How does boolean indexing work in pandas, and what are the common pitfalls?
Boolean indexing filters a DataFrame by passing a boolean Series or array of the same length as the index. Common pitfalls include using Python's and/or instead of &/| and forgetting to wrap compound conditions in parentheses, both of which raise errors or produce wrong results.
How to think about it
What is really being tested
The interviewer wants to know whether you understand that pandas filtering works on whole-array boolean masks, not on row-by-row Python logic. Get this right and you unlock fast, readable filters. Get it wrong and you hit cryptic ValueErrors or, worse, silently wrong results.
How it works, step by step
A boolean mask is just a Series of True/False values aligned to the DataFrame’s index. When you write df["age"] > 30, pandas evaluates that comparison across the entire column at once (in C), producing a boolean Series.

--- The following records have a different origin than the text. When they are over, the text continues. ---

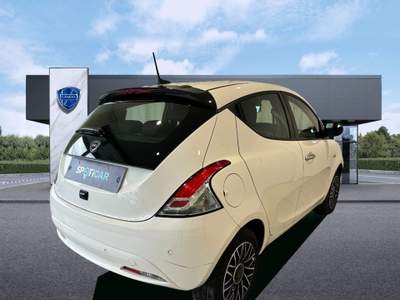 Lancia Ypsilon 1.0 FireFly 5 porte S&S Hybrid Platino Bianco usata Bologna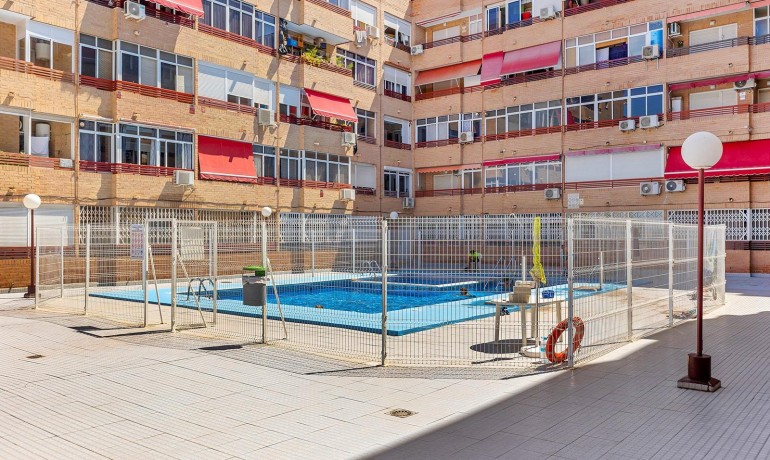 Herverkoop - Appartement / Flat -
Torrevieja* - Playa de los locos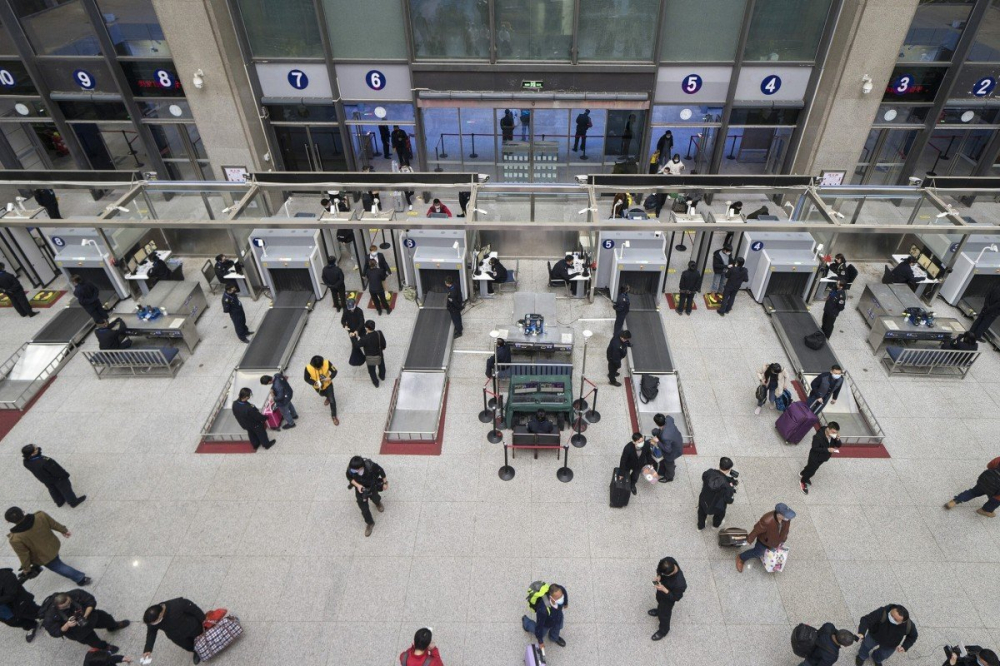Hành khách bắt đầu mua vé tàu hỏa ở ga Vũ Xương thành phố Vũ Hán - Ảnh: Xinhua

Passing that Series back into df[...] keeps only the rows where the mask is True.
df["age"] > 30
# row 0: False
# row 1: True
# row 2: False
# ...
Single vs. compound conditions
For a single condition, the syntax is straightforward:
seniors = df[df["age"] > 30]
For compound conditions you must use & (AND) and | (OR) — not Python’s and/or — and you must wrap each condition in parentheses because &/| have higher operator precedence than == or >:
# Correct
eng_senior = df[(df["dept"] == "eng") & (df["age"] > 30)]

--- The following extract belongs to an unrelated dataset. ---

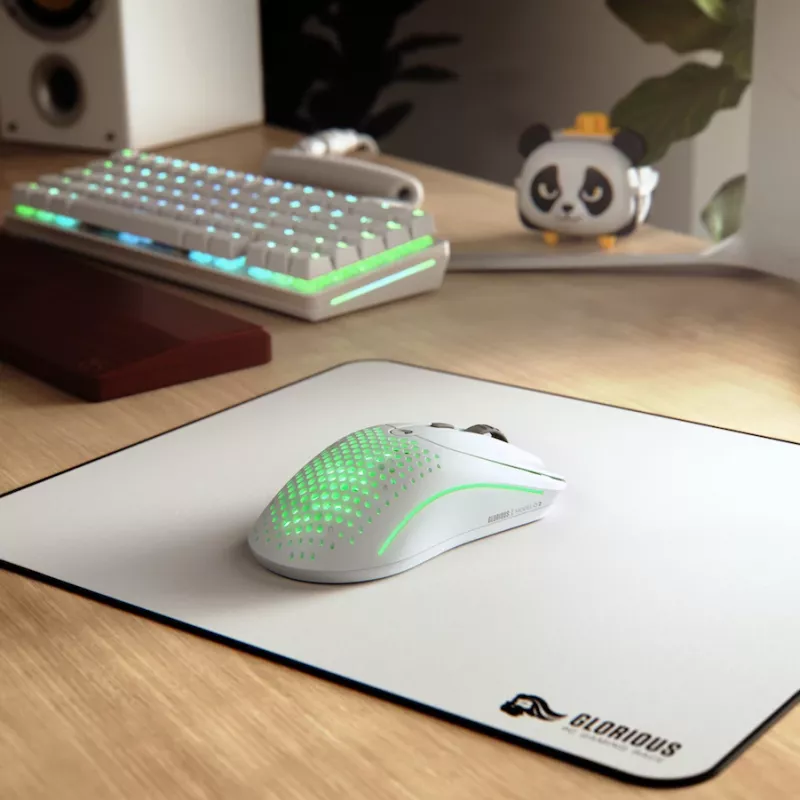 Glorious Gaming Glorious Model O Wireless 2 - Matowa biel, Praworęczna, Laser, RF Wireless + USB Type-C, 26000 DPI, 1 ms, Biały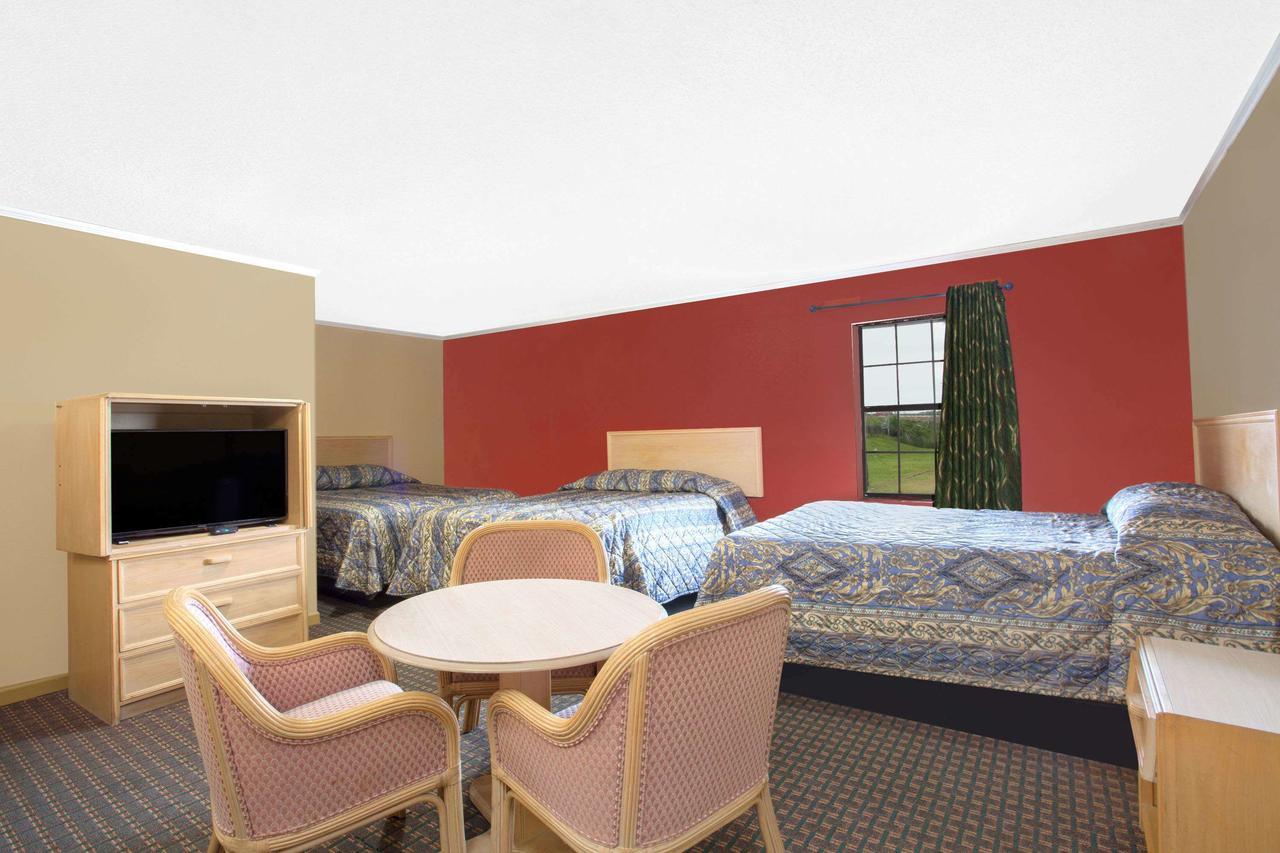 Knights Inn Wildersville Exterior foto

# Wrong — raises ValueError
eng_senior = df[df["dept"] == "eng" and df["age"] > 30]
Other useful patterns
isin — set membership check, cleaner than chaining == with |:
target = df[df["dept"].isin(["eng", "mkt"])]
~ — negation of a mask:
not_eng = df[~(df["dept"] == "eng")]
query() — readable string syntax for ad-hoc exploration:
high_pay = df.query("salary > 80000 and dept == 'eng'")

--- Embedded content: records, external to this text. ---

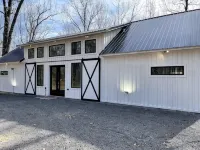 Modern Luxe Has Everything Huge Deck, Jacuzzi, Glam Outdoor Fireplace and Pond!
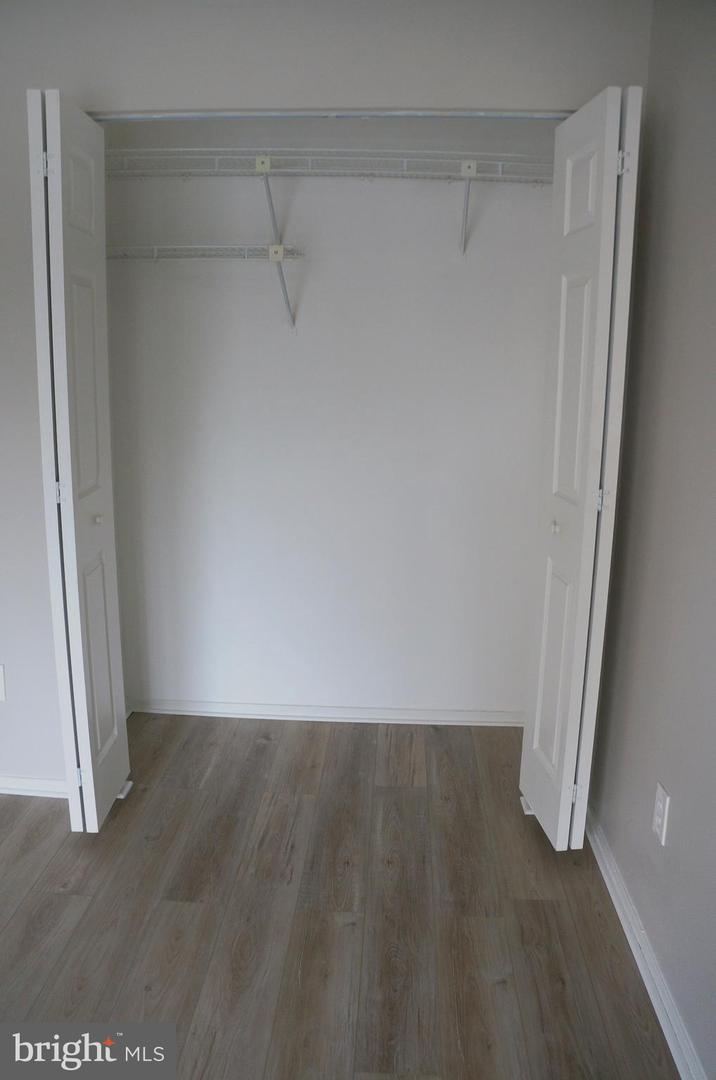 6101 EDSALL RD #701, ALEXANDRIA, Virginia 22304, 2 Bedrooms Bedrooms, ,2 BathroomsBathrooms,Residential,For sale,6101 EDSALL RD #701,VAAX2051404 MLS # VAAX2051404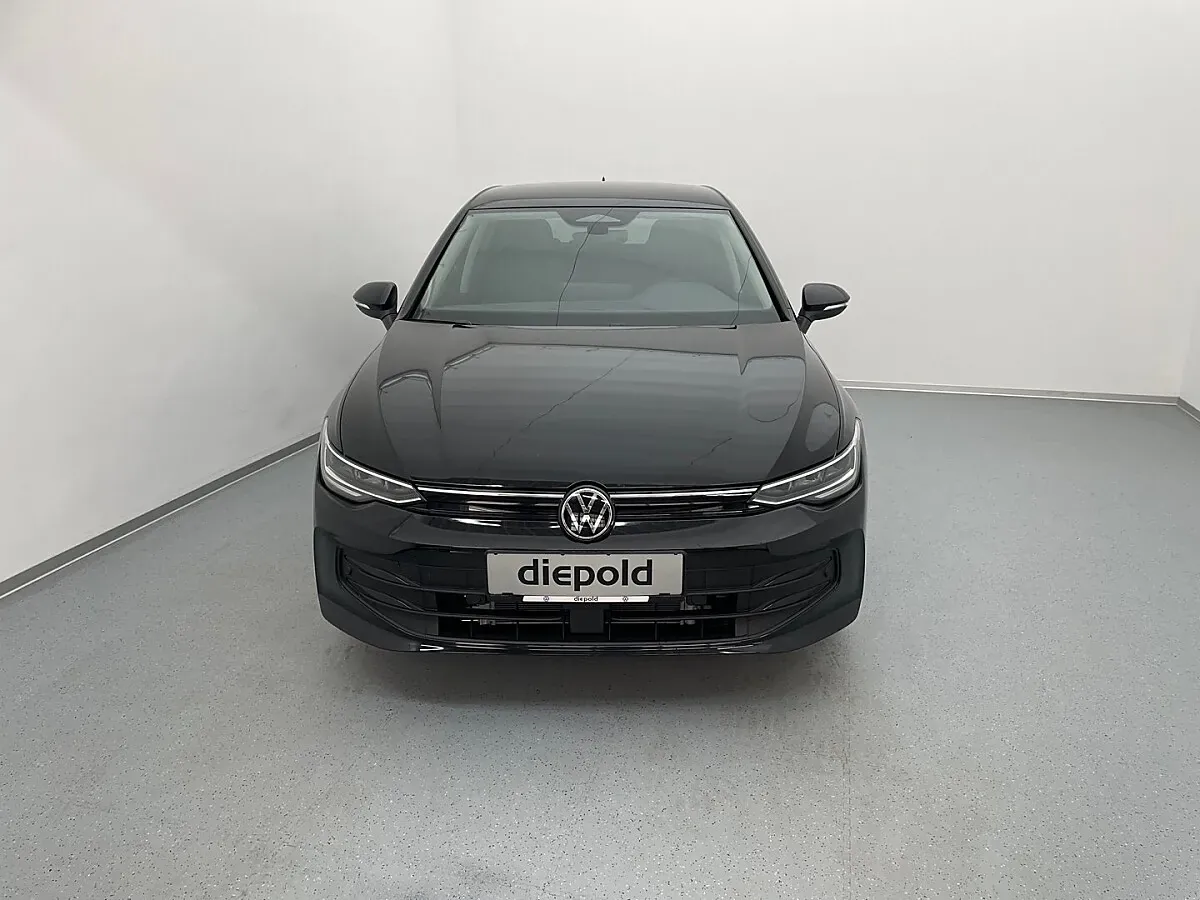 Volkswagen Golf 2026 photo 2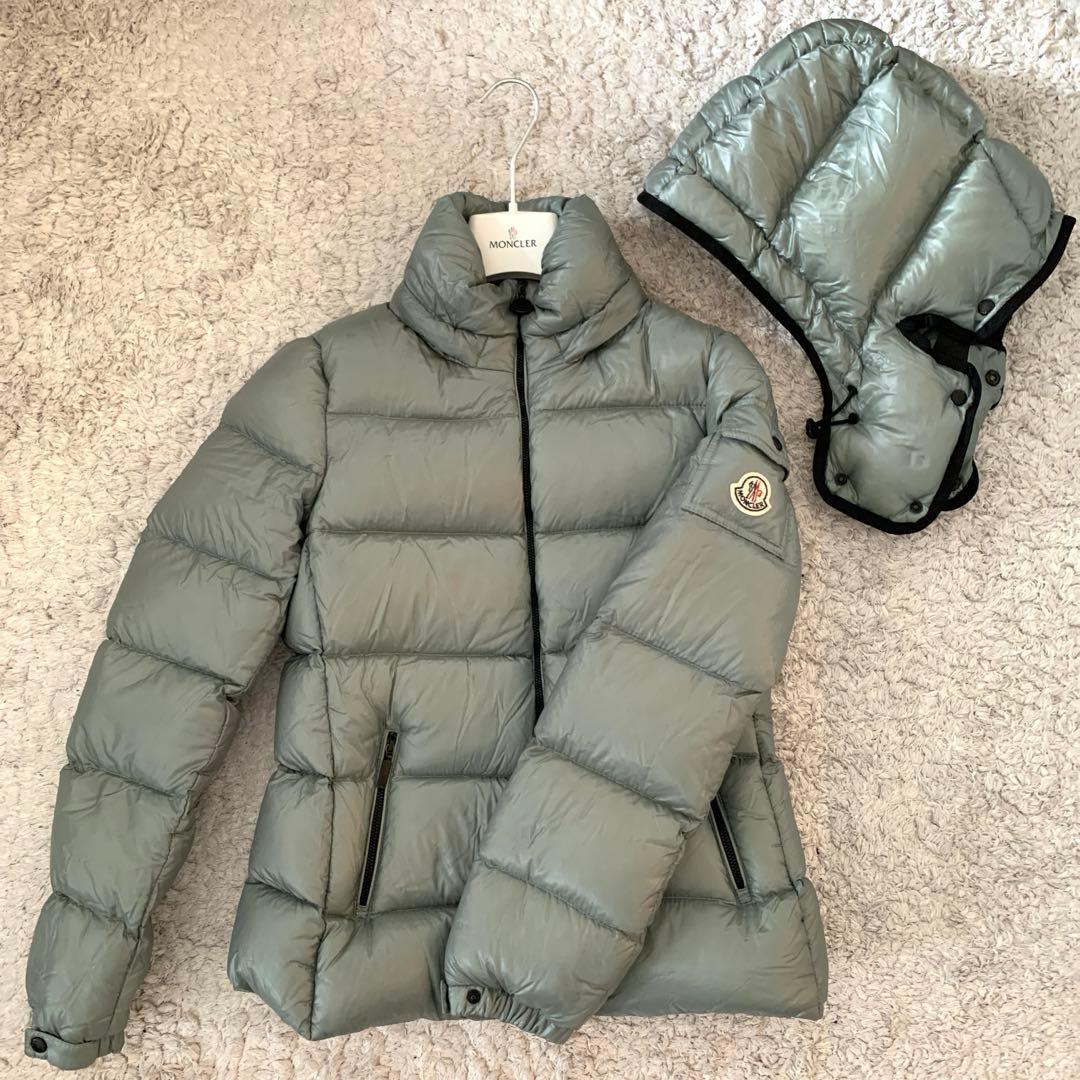 《モナさま専用》《美品》モンクレール　レディース　ダウンジャケット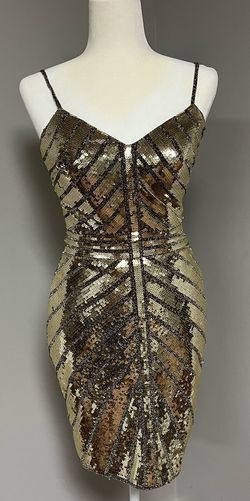 Jovani Gold Size 2 Shiny Plunge Cocktail Dress on Queenly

Writing back with loc — always use loc for assignments to avoid the SettingWithCopyWarning:
df.loc[df["salary"] < 50000, "salary"] = 50000
Try it yourself
Why query() is for exploration, not production
query() evaluates strings at runtime. It is convenient for interactive work but makes code harder to compose programmatically (building filter strings dynamically is fragile) and slightly slower on very large DataFrames. Stick to mask syntax in production pipelines.